Doch längst nicht alles, was einen grünen Anstrich hat, ist nachhaltig. Dann ist von Greenwashing die Rede. „Greenwashing ist, wenn ein Unternehmen ein Produkt als nachhaltig vermarktet, obwohl das Produkt eine umweltschädliche Wirkung hat, entweder in Produktion, Betrieb oder bei der Entsorgung“, erläutert DIW-Experte Neuhoff.

Diesen Vorwurf muss sich etwa Vodafone für „grüne“ Mobilfunktarife gefallen lassen. Der Konzern zahlt Geld an Klimaschutzprojekte, um rechnerisch klimaneutral zu werden. Doch diese Kompensationen gelten nicht mehr als tauglich, um die Klimaziele zu erreichen – es komme aufs Reduzieren und Vermeiden der Emissionen an, betont die Organisation Greenpeace.

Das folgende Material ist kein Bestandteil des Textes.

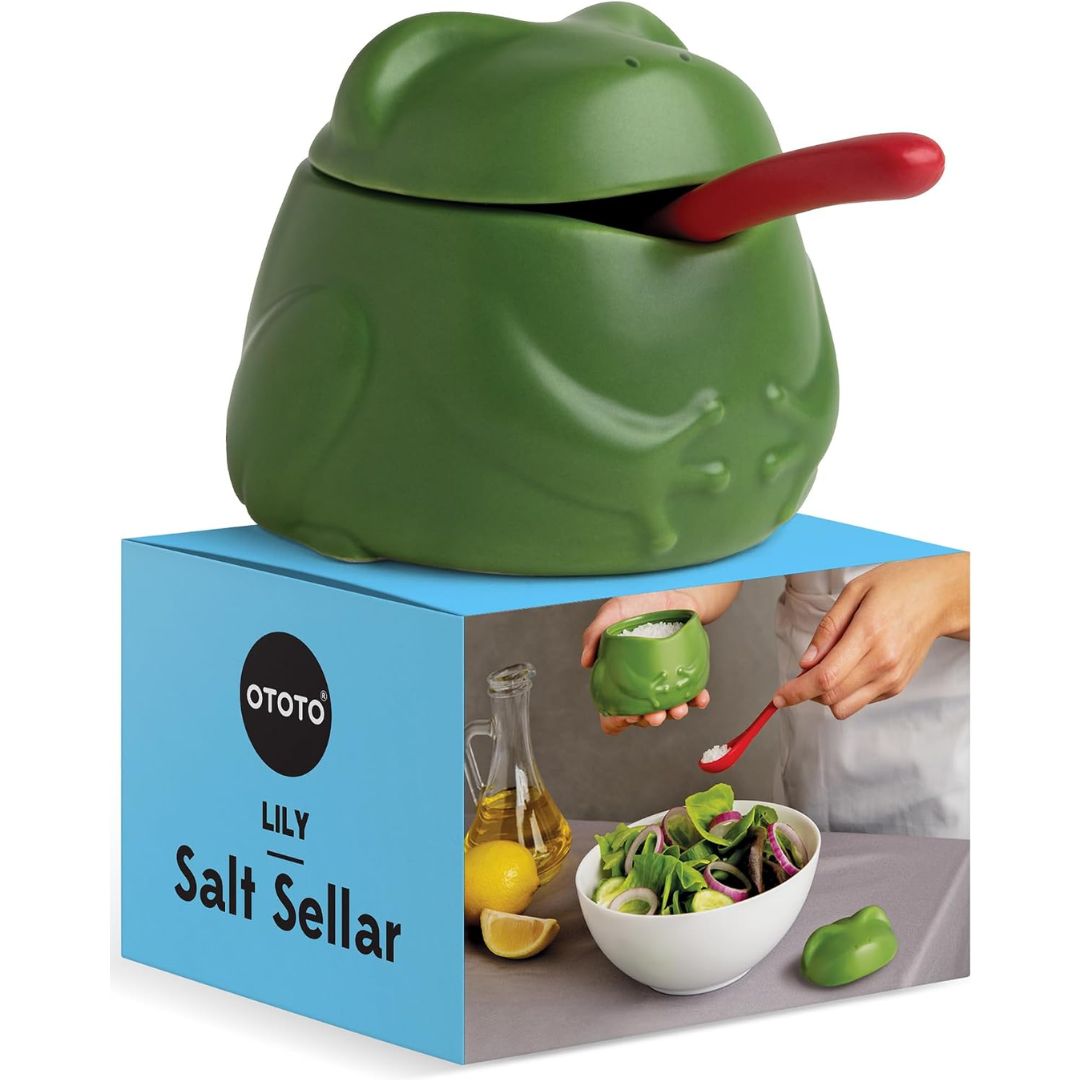 A green frog-shaped salt container with a red spoon resting inside, displayed on top of its blue retail box. The box is branded OTOTO and reads 'Lily Salt Sellar'.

Da ist der Volkswagen-Konzern einige Schritte weiter. Nachdem mit dem großen Knall des Diesel-Skandals klar wurde, dass es mit Tricksereien nicht mehr weitergeht, hat der Konzern radikal umgesteuert. Jetzt will sich VW schneller vom Verbrennungsmotor verabschieden als bis 2035, wie von der EU gefordert. „Vielleicht hat der Weckruf geholfen, dass die Konzerne den Technologiesprung zur Elektromobilität dann doch nicht verschlafen haben“, sagt Experte Neuhoff.